STATE COLLEGE, Pa. — Football coach Joe Paterno is fighting for his job amid “eroding” support from Penn State’s board of trustees and a widening sex-abuse scandal and possible coverup centered on former assistant and one-time heir apparent Jerry Sandusky.
Paterno’s regularly scheduled news conference was abruptly canceled Tuesday. A university spokesman cited “ongoing legal circumstances,” a reference to charges announced over the weekend that Sandusky molested eight young boys between 1994 and 2009 and that two Penn State administrators who have since stepped aside failed to notify authorities of a 2002 incident reported by an eyewitness.
Hundreds of fans staged a raucous rally outside Paterno’s home Tuesday evening. He appeared briefly, along with some family members, and thanked the crowd for coming.
“I’ve lived for this place. I’ve lived for people like you guys and girls,” Paterno said.
“It’s hard for me to say how much this means,” the 84-year- old coach said. “As you know, the kids that were the victims, I think we ought to say a prayer for them.”
Asked if he was still the coach, Paterno didn’t answer, but a young woman who stood with her arm around him replied: “Now is not the time.”
Paterno, who earns about $1 million annually from the school, has been head coach for 46 years and part of the Penn State staff for more than six decades, and his old-school values pervade every corner of the program.
Over that span, the Nittany Lions have won two national championships, but unlike many other Division I powerhouses, the program has avoided run-ins with the NCAA. The team generates millions of dollars each year in revenues from attendance, TV rights and sponsorships, but it has stubbornly stuck with the basic white-and-navy-blue uniforms that are among the most recognizable in college football.
All those things have inspired pride in the region and fierce loyalty to Paterno, who is the winningest coach in Division I and one of the most respected in any sport.
That lofty status, however, has been the subject of heated arguments in recent days, among students on campus, construction workers on the street and the Penn State board of trustees.
A person familiar with the trustees’ discussions said support there for Paterno was “eroding” but couldn’t gauge whether the board would take action. The same person said university president Graham Spanier also has lost support ahead of Friday’s board meeting, which Gov. Tom Corbett said he plans to attend. The person spoke on condition of anonymity because of the sensitivity of the subject.
Failure to report
Much of the criticism surrounding Paterno has concerned his apparent failure to follow up on a report of the 2002 incident, in which San dus ky allegedly sodomized a 10- year-old boy in the showers at the team’s football complex. The eyewitness, Mike McQueary, is the receivers coach for the team but was a graduate assistant at the time.

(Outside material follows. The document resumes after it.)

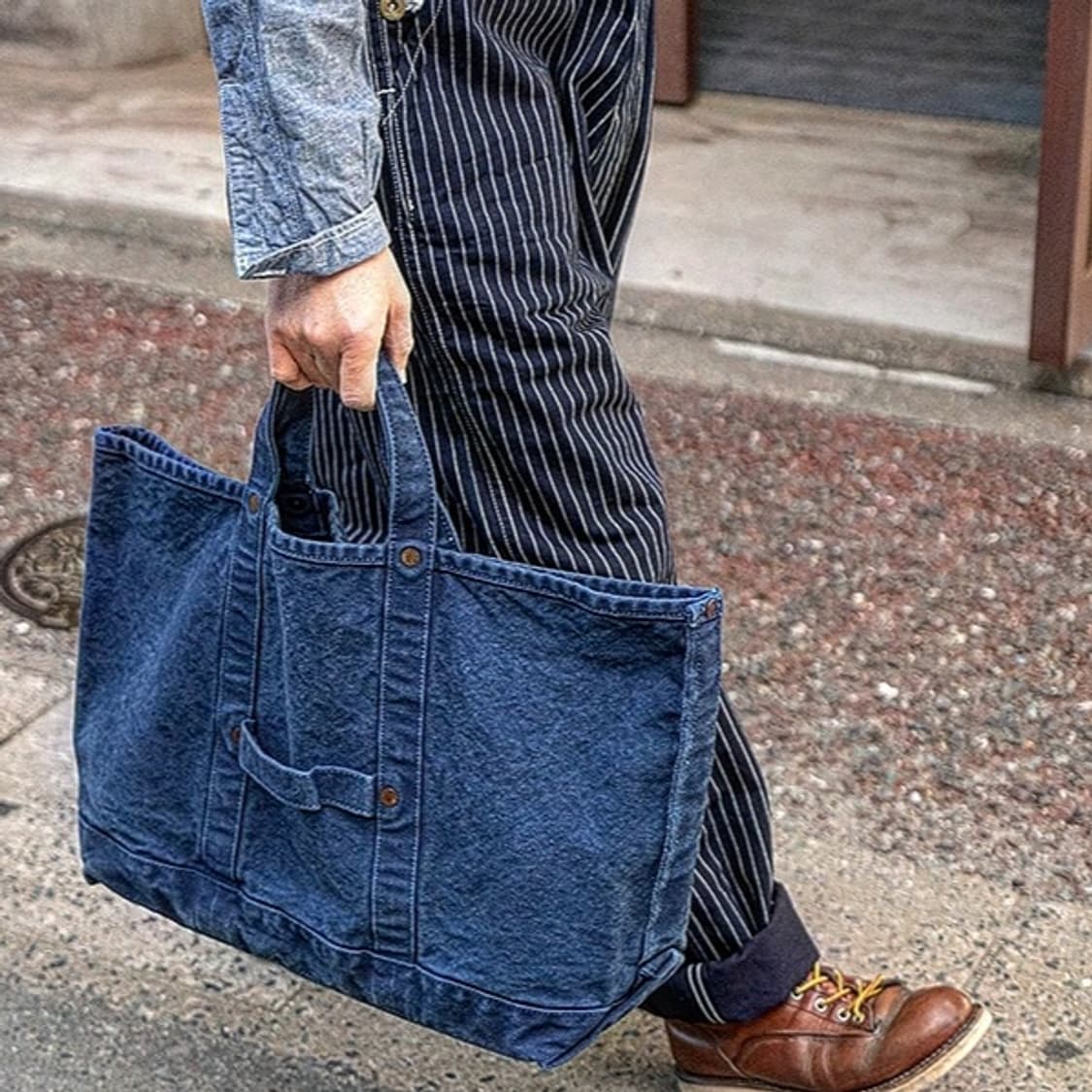 JOE McCOY Coal Tote Bag (INDIGO DYED) 상품이미지10
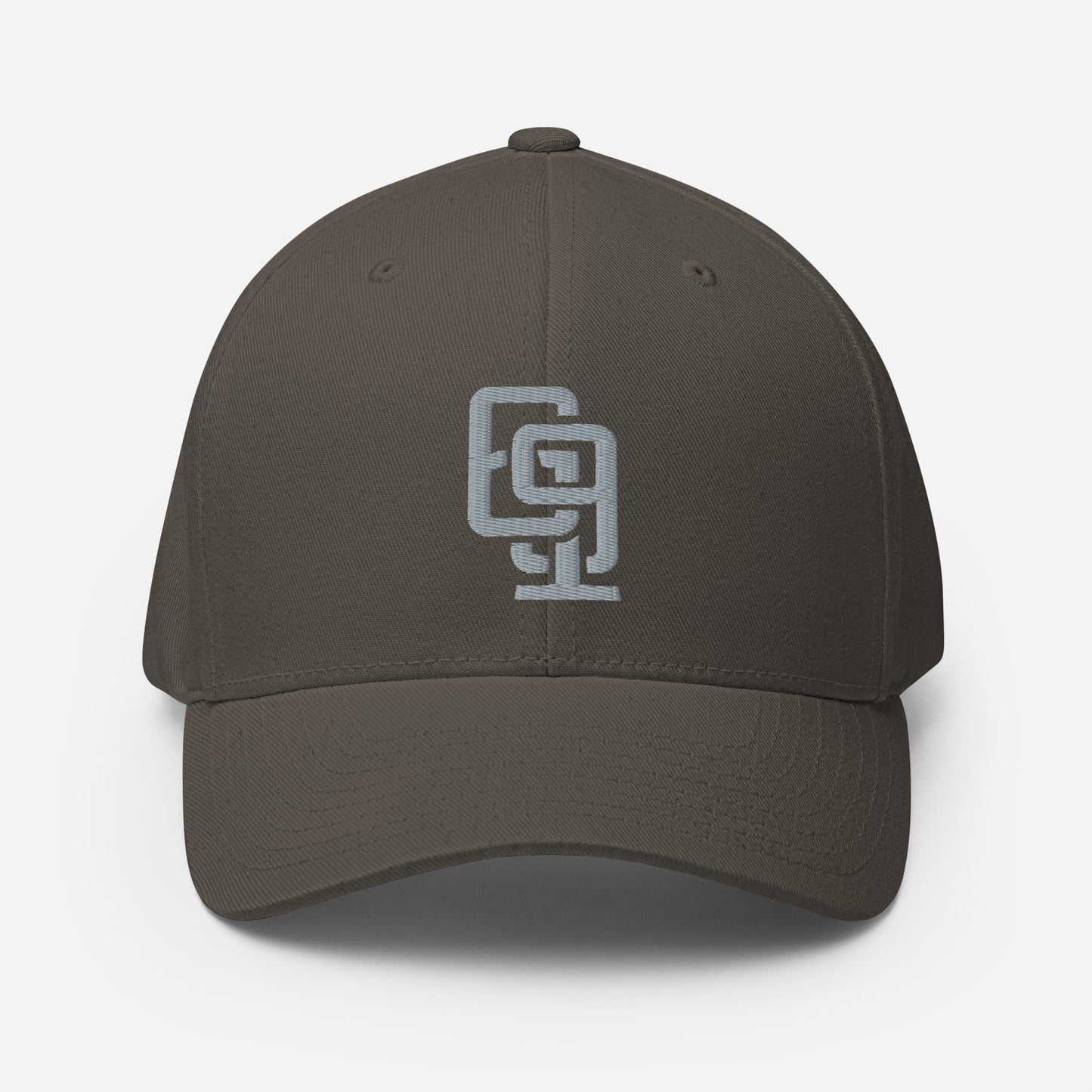 "619" Structured Twill Cap | E Luna Brand ESSENTIAL | 2 Grey Thread Logos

McQueary told Paterno about the incident the next day, and the coach notified the athletic director, Tim Curley, and the vice president, Glenn Schultz, who in turn notified Spanier. Curley and Schultz have been charged with perjury and failure to report the incident to authorities, as required by state law.
Both men, as well as Paterno, testified that they were told that Sandusky behaved inappropriately in that 2002 incident but not to the extent of McQueary’s graphic account to a state grand jury.
The same grand jury decided the testimony from Curley and Schultz, whose job at the time also gave him oversight of the campus police, was not believable. Pennsylvania Attorney General Linda Kelly said Paterno is not a target of the investigation, although the state police commissioner has chastised him and other Penn State officials for not doing enough to try to stop the suspected abuse.
Sandusky, 67, spent three decades on the Penn State staff before retiring in 1999 but continued to use school and athletic facilities as recently as two weeks ago. Prosecutors allege he molested several of the boys at the facility. He often held football camps for youths on Penn State satellite campuses and maintained an office at the complex on the main campus.
Sandusky began working with at-risk youths after founding the Second Mile charity in 1977. It now raises and spends several million dollars each year for its programs.
According to Internal Revenue Service documents, the foundation last paid Sandusky in 2007, when he received $57,000 as a consultant. He publicly severed ties in 2010.
Paterno is listed on the Second Mile’s website as a member of its honorary board of directors, a group that includes business executives, golfing great Arnold Palmer and several NFL Hall of Famers and coaches, including retired Pittsburgh Steelers stars Jack Ham and Franco Harris.
Another possible victim
Meanwhile, another potential victim has contacted authorities. The man, now an adult, contacted the state police Sunday after seeing media accounts of San dus ky’s arrest, Lt. David Young at the Montoursville station said.
Investigators took a statement from him and forwarded it to the Rockview station for officers there to pursue, Young said.
U.S. Rep. Patrick Meehan of Pennsylvania said Tuesday he has asked Education Secretary Arne Duncan to look into whether the university violated the Clery Act, which requires schools to publish an annual report of all criminal offenses that are reported to campus security or local police.